According to the Department of Defense, as of 2011, counting both active and reserve forces, there were nearly two million US military children, 25 percent of whom were teens. Including families no longer in the military, more than two million children have had a parent deploy to Iraq or Afghanistan, and twenty-two hundred have lost a parent there, while at least nineteen thousand have had a parent wounded in action.
Not all military children have even one parent living at home. In 2011, there were forty thousand active-duty military families in which both parents were service members and about seventy-five thousand single-parent families—meaning that their children, plus those of over eighty thousand similarly situated reservists, must go to live with grandparents or other relatives if their parents are deployed.

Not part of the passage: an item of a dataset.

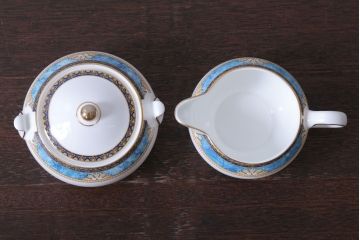 アンティーク雑貨　中古　イギリスWedgwood(ウェッジウッド)　Curzon(カーゾン)シリーズ　ポット・シュガー・クリーマー3点セット(洋食器)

Whatever the circumstances, for most families missing the absent member and fearing for his or her safety is the worst aspect of deployment. So it would seem that the service member's homecoming would be a time of undiluted joy. But this is not always the case. Many individuals have serious problems after returning from a combat assignment. The experiences they have undergone have often changed them, so that readjustment to normal life is difficult; they may seem like different people to their families even if they are in good health—and certainly if they are not. Family members, too, have been changed by the extra responsibilities they have taken on. The reintegration of the family may take a while. Moreover, because multiple deployments are now common, anticipation of the next absence may interfere with enjoyment of the time spent at home.

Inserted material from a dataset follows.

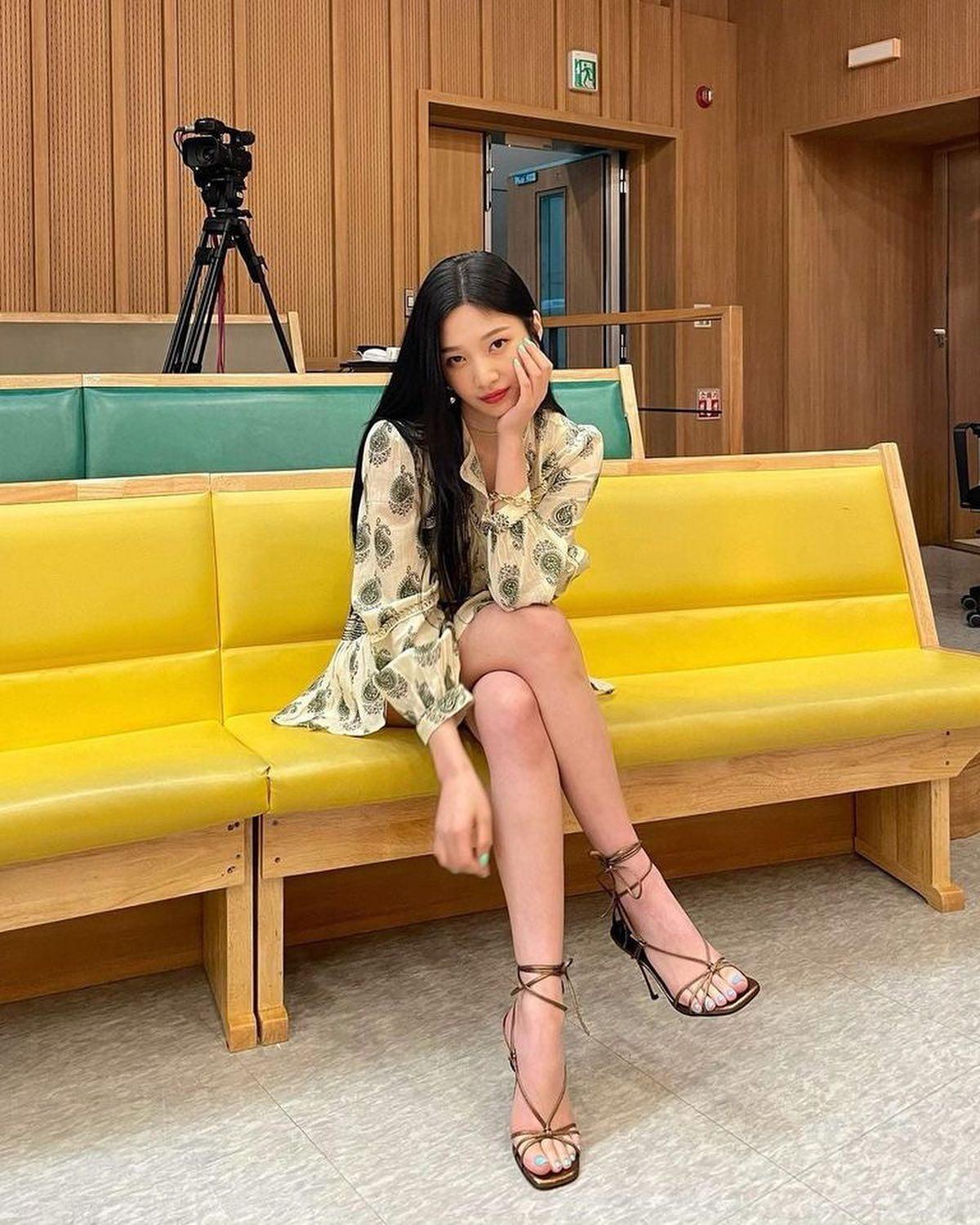 조이의 팔색조 매력 코디센스🌈 이미지5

Yet despite all these difficulties, the majority of military families adjust well to their lifestyle. It has advantages in addition to the stability provided by a supportive community, including free health care and the service member's steady job. Moving to new locales can be viewed as an adventure. Some families have the opportunity to travel to other parts of the world and reside in different countries. Whether or not this happens, they meet a wide variety of people from diverse backgrounds and become able to adapt easily to changing situations. They have a chance to learn first-hand about things the average person may never even read about. And many organizations offer activities for military kids, such as camps and scholarships, that are not open to others.

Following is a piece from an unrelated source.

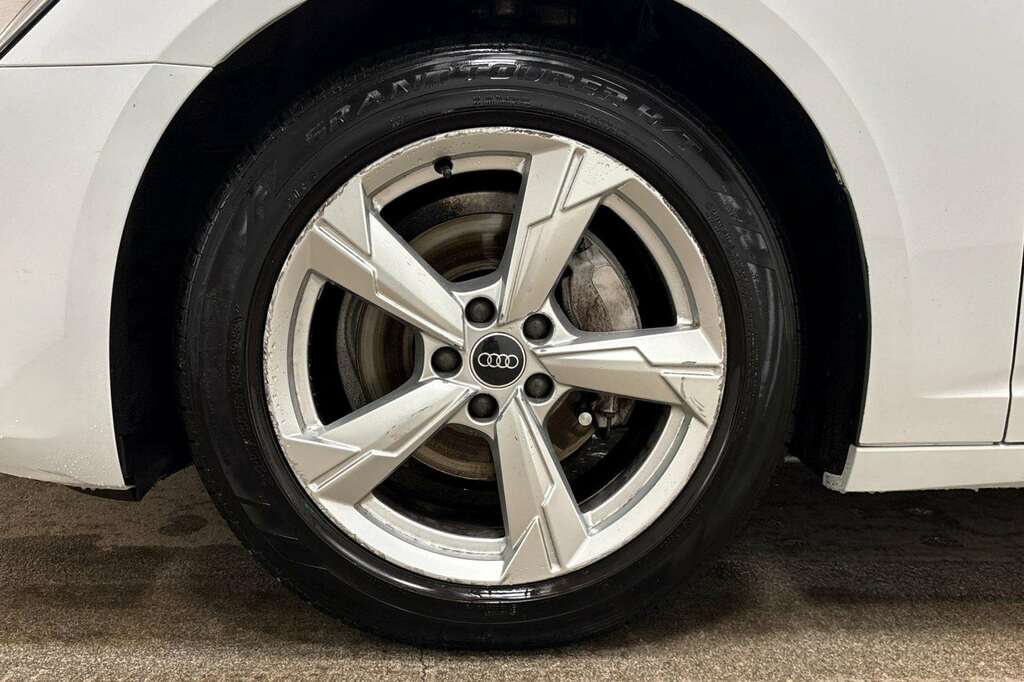 Audi A6 40 Tfsi Sport S Tronic 2023 GL73AVF White #4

"The military culture is so unique that being a part of it makes you feel kind of special," explains the National Military Family Association booklet What Military Teens Want You to Know. "Throw in terms like 'American hero' and it's easy to see why teens say they are proud of the job their parents do for the country.... Military teens overwhelmingly name their military parent as a positive role model."
Pride in serving and safeguarding the nation is at the heart of the military culture, and it is shared by spouses and children as well as by those in uniform. "We owe each day of security and freedom that we enjoy to the members of our Armed Forces and their families," President Barack Obama said in his 2010 proclamation of Military Family Month. "Behind our brave service men and women, there are family members and loved ones who share in their sacrifice and provide unending support.... Across America, military families inspire us all with their courage, strength, and deep devotion to our country."